*** Opening Task inputs ***

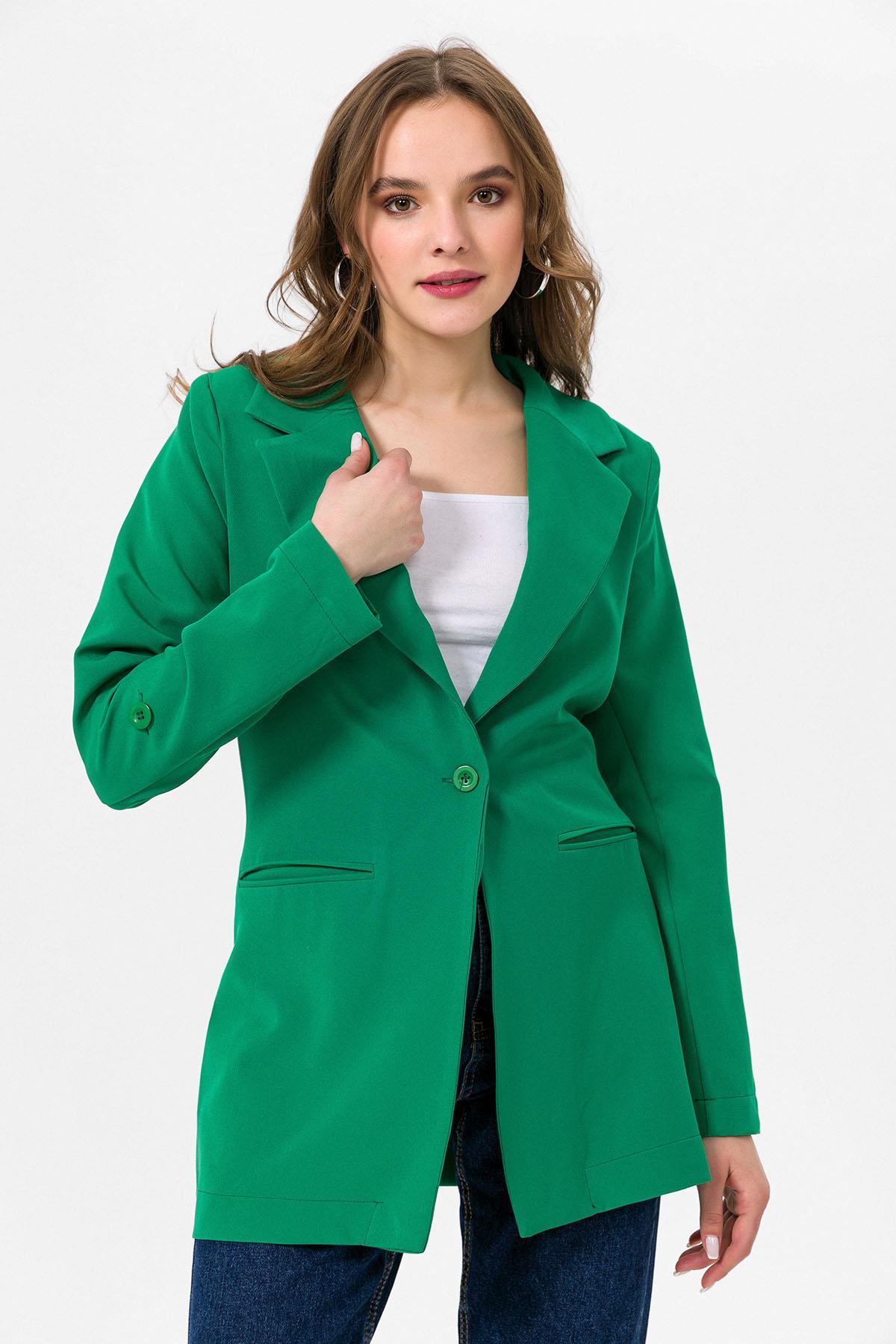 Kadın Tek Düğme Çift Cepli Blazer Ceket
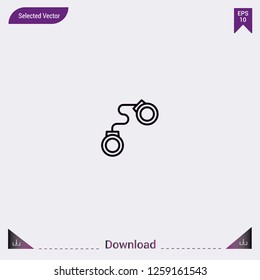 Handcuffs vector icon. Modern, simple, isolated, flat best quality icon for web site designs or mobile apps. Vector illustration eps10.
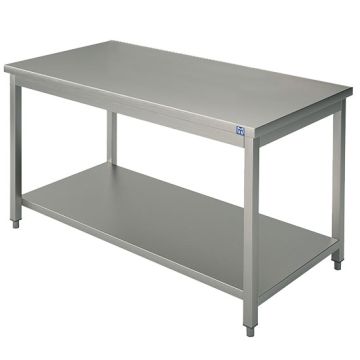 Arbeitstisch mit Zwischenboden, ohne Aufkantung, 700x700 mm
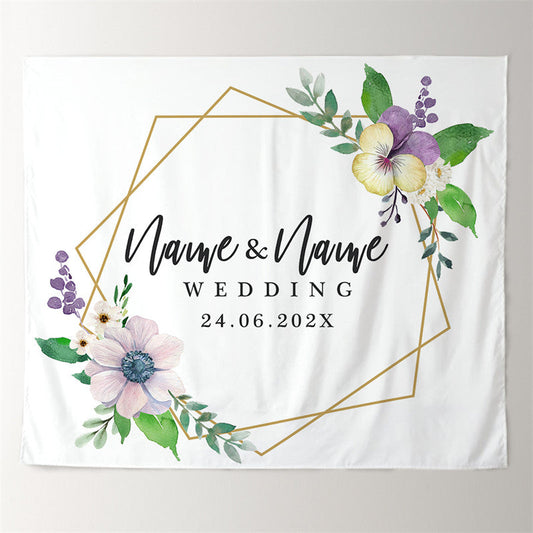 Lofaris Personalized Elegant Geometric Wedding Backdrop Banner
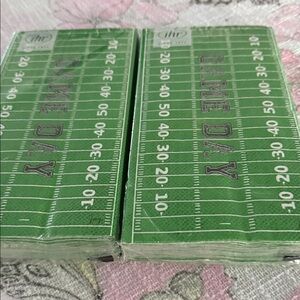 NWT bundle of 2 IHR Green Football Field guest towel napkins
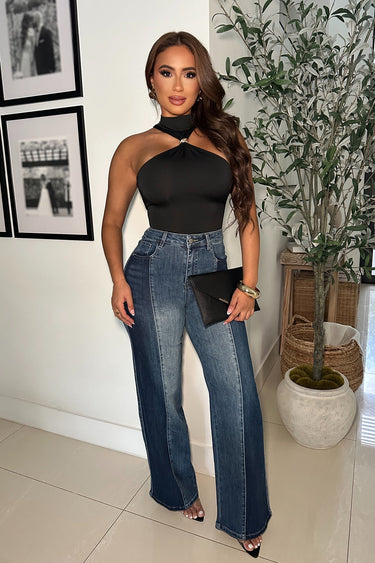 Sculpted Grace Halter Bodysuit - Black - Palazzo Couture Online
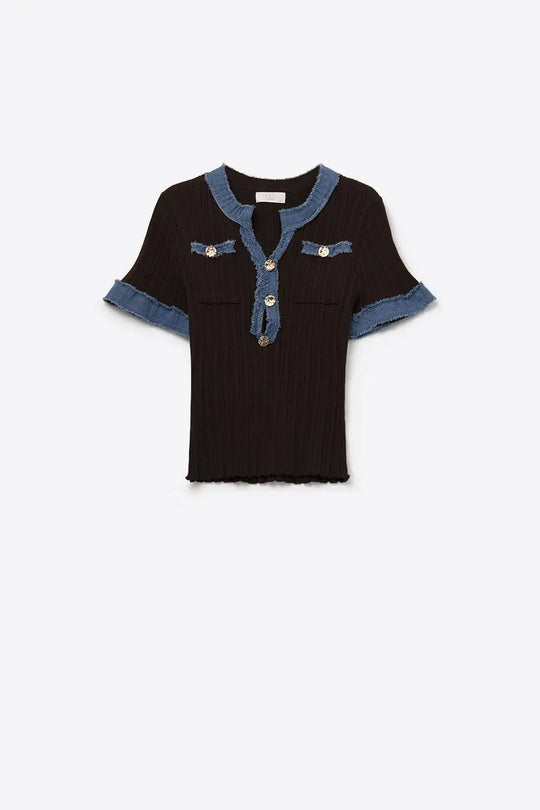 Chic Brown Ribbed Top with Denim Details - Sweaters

*** Closing Task inputs ***

- Exercise description
An answer containing only the lines from the one holding "Sculpted Grace Halter" through the close of the entries above, reproduced exactly and stripped of pictures, is expected.

- Reply to the task
 Sculpted Grace Halter Bodysuit - Black - Palazzo Couture Online
 Chic Brown Ribbed Top with Denim Details - Sweaters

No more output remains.